Миграции | страница 50



* * *

Первой, самой южной столицей русских был Киев. И столицей стал он не когда из Царьграда перенесен оказался в него слепок Софии, но еще ранее, когда Владимир загнал Русь в реку и, стоя на высокой круче, заявил: «Теперь вы — христиане!»

То есть он назначил, и перед этим его жестом меркнут все дальнейшие ломки и переделки самых грозных царей и революционеров будущего. Кияне же, выйдя из реки, долго бежали в мокрых рубахах по берегу за колодой своего Перуна, прыгая по камням, и кричали, как дети, над чьими играми надругался нетрезвый взрослый: «Боженька, выдыбай, выдыбай, боженька!» — пока годная на дрова чурка бога огня и грома не скрылась и не исчезла в бешеной пене порогов. Что должно утонуть — не сгорит. Не с той ли поры ветер свистит во взломанной русской душе и за каждым самым нелепым поступком тянется такая родословная, что и не снилась никаким династиям?

Но именно оттуда, с Киева, с экспорта Рюриковичами православия, началось ползучее осеверянивание византинизма.
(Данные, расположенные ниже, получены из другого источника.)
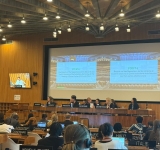 الألكسو تشارك في الاجتماع الثامن للدول الأطراف في اتفاقية 1970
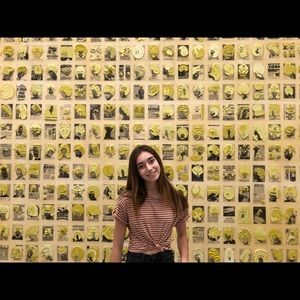 Meet your Posher, Bethany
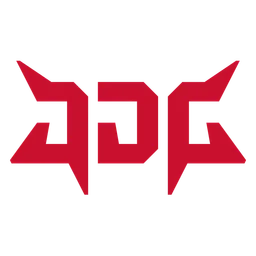 Logo de JD Gaming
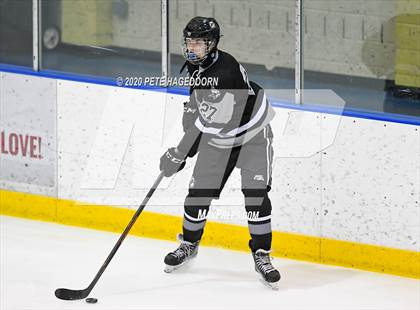Thumbnail 2 in Parsippany Regional @ Park Regional [Hanover Park/Whippany Park] (HAAS Cup Quarterfinal) photogallery.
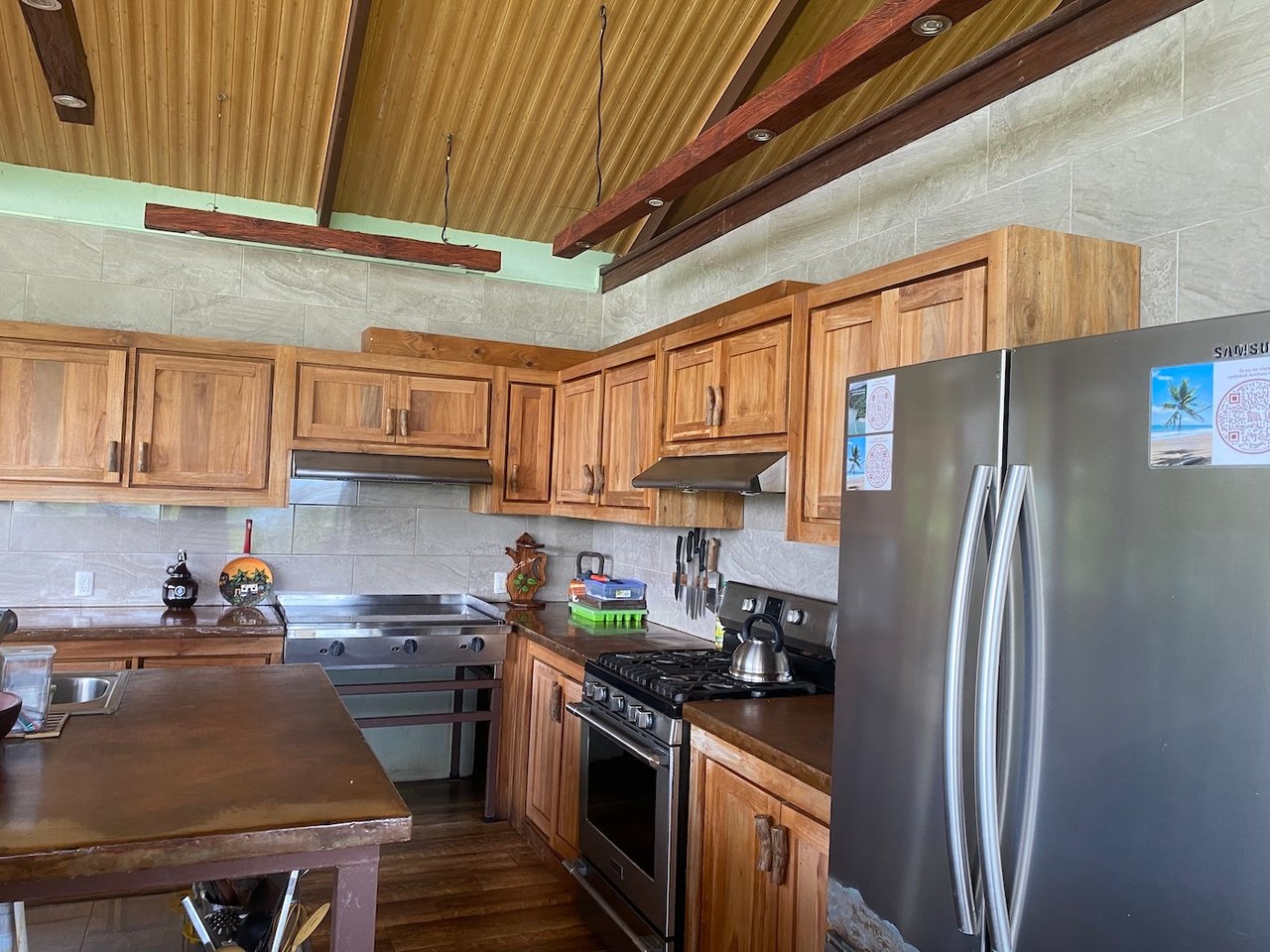 Off-Grid Luxury Retreat, Osa, Puntarenas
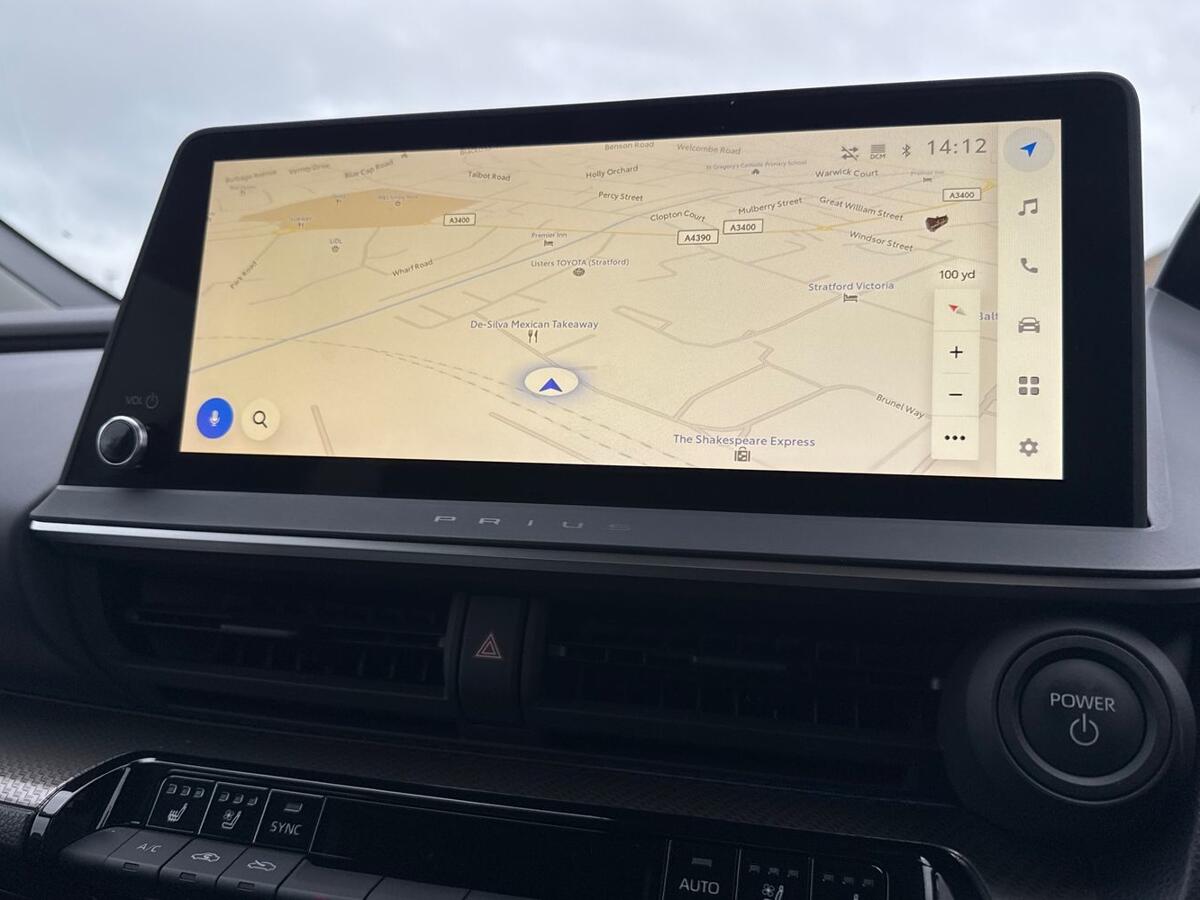 Used Toyota Prius 2024 for sale - 76716789: Photo 11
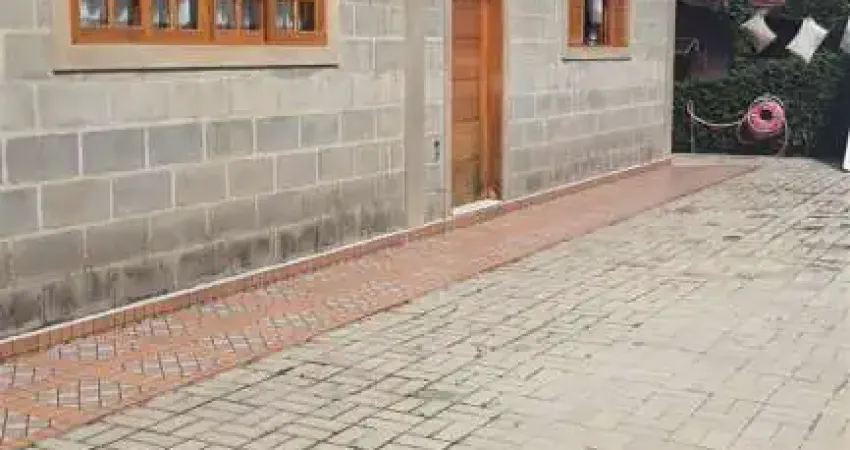 Casas em Condomínio para venda em Bom Jesus dos Perdões no bairro Marfi II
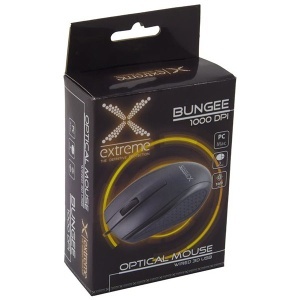 Optički miš Bungee Extreme XM110K - Img 2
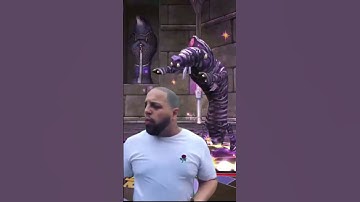 no peaceful moments in wizard101 #shorts #wizard101 #mmorpg #weakness #nostalgia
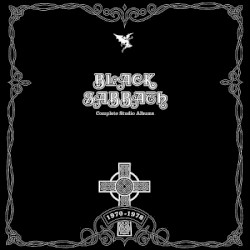 Complete Studio Albums 1970–1978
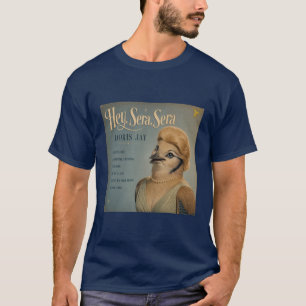 Doris Jay T-Shirt
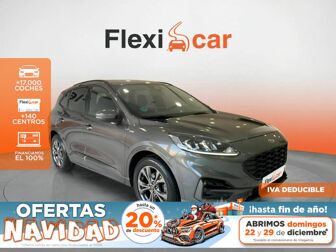 Imagen de FORD Kuga 1.5 EcoBoost ST-Line FWD 150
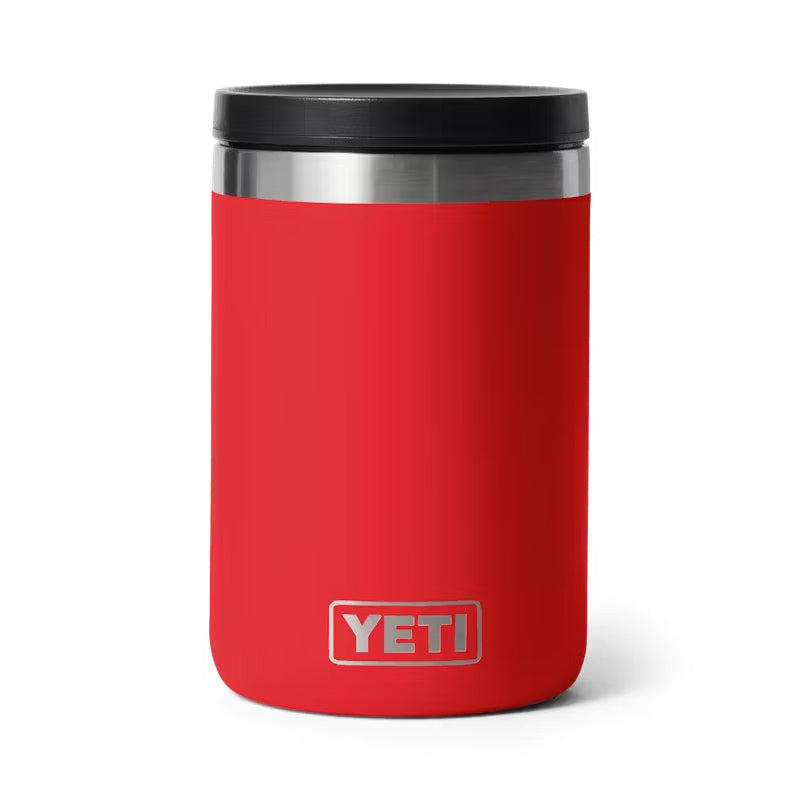 Bocaux alimentaires isolés Yeti Rambler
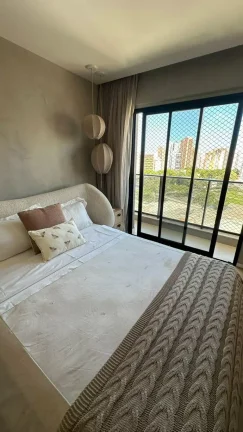 Imagem Apartamento de Luxo - Aluguel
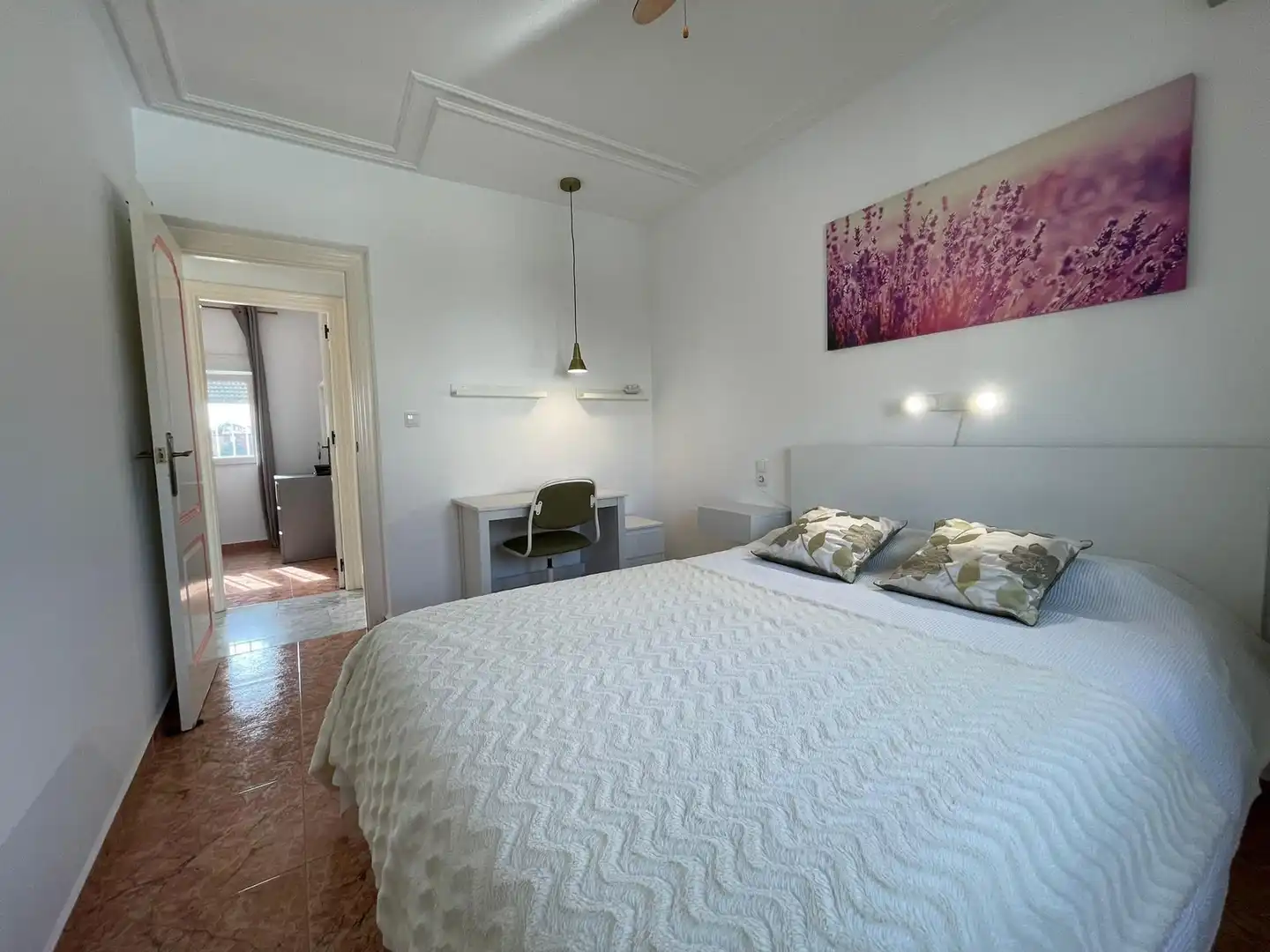 Casa amb jardí en venda a Nueva Torrevieja - Aguas Nuevas, imagen 14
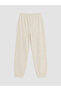 Elastic Waist Women's Jogger Sweatpants - 5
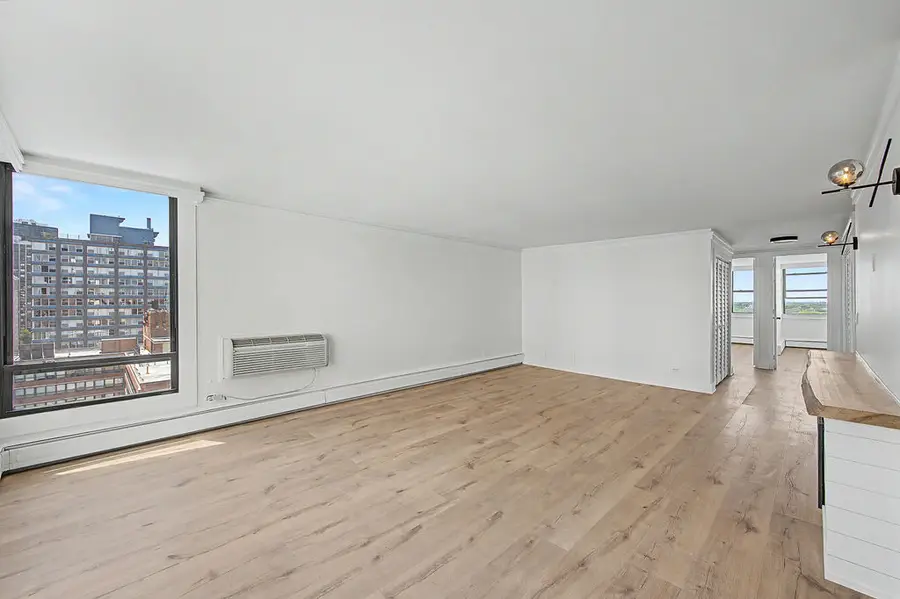 5740 N Sheridan Road #17C, Chicago, IL 60660 - #3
Пока много веков спустя последний отлетевший вздох Царьграда, поднявшись до широт Санкт-Петербурга, не схватился однажды морозным утром на его стеклах кристаллическим узором.

Этот последний, город Петра, нарочно придуманный, чтобы спорить с Москвой, может, еще в большей степени призван был спорить по существу с давно оставленным и забытым Киевом — какая полярность во всем!

Объем рельефа — и плоскость плана;

органика — и штучность;

барокко — и классицизм;

песня — и балет;

пластика — и графика;

онтология — и гносеология;

превалирование устных и поведенческих жанров — и апофеоз письменности;

буйство цветения сошедших с круга женских стихий — и… прямая спина Каренина;

плотоядность — и диета;

«город любви» — и «город идеи»;

ночь украинская — и белые ночи;

Миша Булгаков, затачивающий на пороге гимназии пряжку форменного ремня, чтобы, если понадобится, драться уже сегодня, — и слегка мраморноватые на ощупь тенишевцы N. и М. плюс — предсмертная папироска Гумилева;

город зарождения Белого движения — и «колыбель трех революций»;

плоская «черная дыра» Малевича, Архипенко, поднятый с тротуара каштан, стиснутый в ладони, — и символизм, от «Медного всадника» до «Незнакомки»;

Гоголь Полтавы — и Гоголь «Петербургских повестей»;

иррациональность — и ирреальность;

группа сумасшествия маниакально-депрессивных психозов — и группа шизофрении.

И между ними полоумная — но и полумирная! — Москва, как вершина поставленного на попа равнобедренного треугольника, один угол в основании которого греется, а другой стынет.